À 16 ans, l’Ottavien du secteur Mooney’s Bay a préféré rester à la maison et jouer pour les Sénateurs d’Ottawa junior A de l’entraîneur Martin Dagenais. Rapidement, le défenseur à caractère offensif a retenu l’attention des collèges de la NCAA. Après quelques mois, il avait déjà visité plusieurs écoles et il s’était engagé envers Providence College avant de modifier ses plans au début de la présente saison.

« Ils voulaient m’avoir tout de suite. C’était un peu vite pour moi, a dit celui qui a maintenant 17 ans. Je n’étais pas chaud à l’idée de jouer une trentaine de matches cette année. J’ai donc eu un penchant pour la LHO. À Kitchener, ils m’ont dit que quelques équipes voulaient obtenir mes services. Ils m’ont demandé si je voulais être échangé. Je leur ai répondu qu’ils pouvaient faire ce qu’ils voulaient et que je prendrais une décision par la suite. Mississauga a donc obtenu mes droits et je suis allé. »

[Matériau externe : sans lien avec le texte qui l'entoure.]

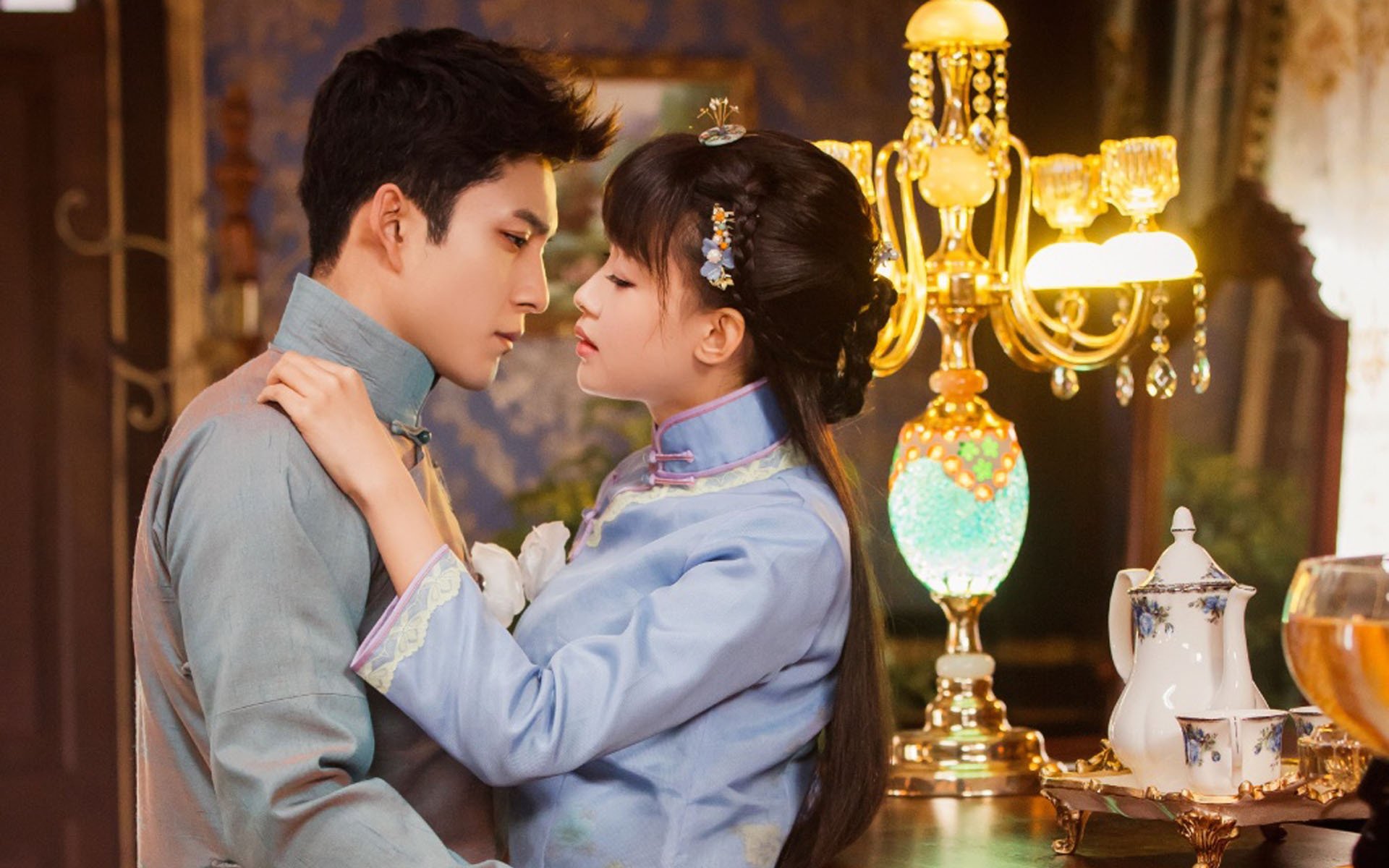 影视,电视剧,韩东君,孙怡,人生若如初相见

Chez les Steelheads, le défenseur recrue a récolté 12 points en 37 matches avant d’être échangé aux 67’s il y a quelques jours. « C’était bien là-bas, mais Ottawa voulait m’avoir et Mississauga voulait des choix au repêchage. L’échange était bon pour les deux équipes et je suis très excité d’aboutir ici. C’est parfait pour moi. Je n’aurais peut-être pas hésité à jouer dans la LHO à 16 ans si j’avais été repêché par les 67’s dès le départ. »

Sénateurs junior A

Avant de revêtir l’uniforme de l’équipe de son patelin, Rippon avait été un joueur étoile des 67’s d’Ottawa junior au niveau bantam et midget. À 16 ans, il a amassé 33 points en 59 matches de saison régulière avec les Sénateurs junior A avant d’ajouter 10 autres points en 14 matches des séries.

« Après le repêchage de la LHO, j’ai décidé de rester près de la maison et jouer avec l’équipe de Martin Dagenais où j’allais obtenir beaucoup de temps de glace. Après deux ou trois mois, j’ai commencé à visiter des écoles aux États-Unis. J’avais été impressionné par Providence College et j’avais décidé de m’engager auprès d’eux. J’ai changé d’avis quand ils m’ont demandé de me joindre à eux dès cette saison. »

Il aura donc mis seulement une demi-saison avant de réaliser son rêve de jouer pour les 67’s. À Ottawa, il a également rejoint un trio de joueurs francophones pour parfaire son français. « Ma mère est francophone est j’ai fait mes six premières années d’école en français. Je le parlais moins dernièrement, alors ça va me faire du bien de revenir ici. Je connais beaucoup Samuel Bitten », a-t-il raconté au Droit en plein milieu d’une séance d’entraînement jeudi.

D’ailleurs, l’entraîneur-chef André Tourigny a été surpris d’apprendre que son nouveau défenseur s’exprimait bien en français. « Dès le départ, il m’a dit qu’il parlait français. Je lui ai répondu, ok, t’es sur le power play », a-t-il blagué. Chez les 67’s, les gardiens Olivier Tremblay et Cédrick Andrée parlent également la langue de Molière parmi les joueurs.

« Je retrouve aussi Graeme Clarke avec qui je suis allé à l’école, a ajouté Merrick Rippon. Ça fait juste quelques jours que je suis arrivé et je sais que nous avons une jeune équipe, mais si nous progressons de la bonne façon, nous allons devenir une équipe redoutable. »

Merrick Rippon fera ses débuts à domicile samedi et dimanche alors que les 67’s vont recevoir les Petes de Peterbourgh samedi et les Spitfires de Windsor dimanche.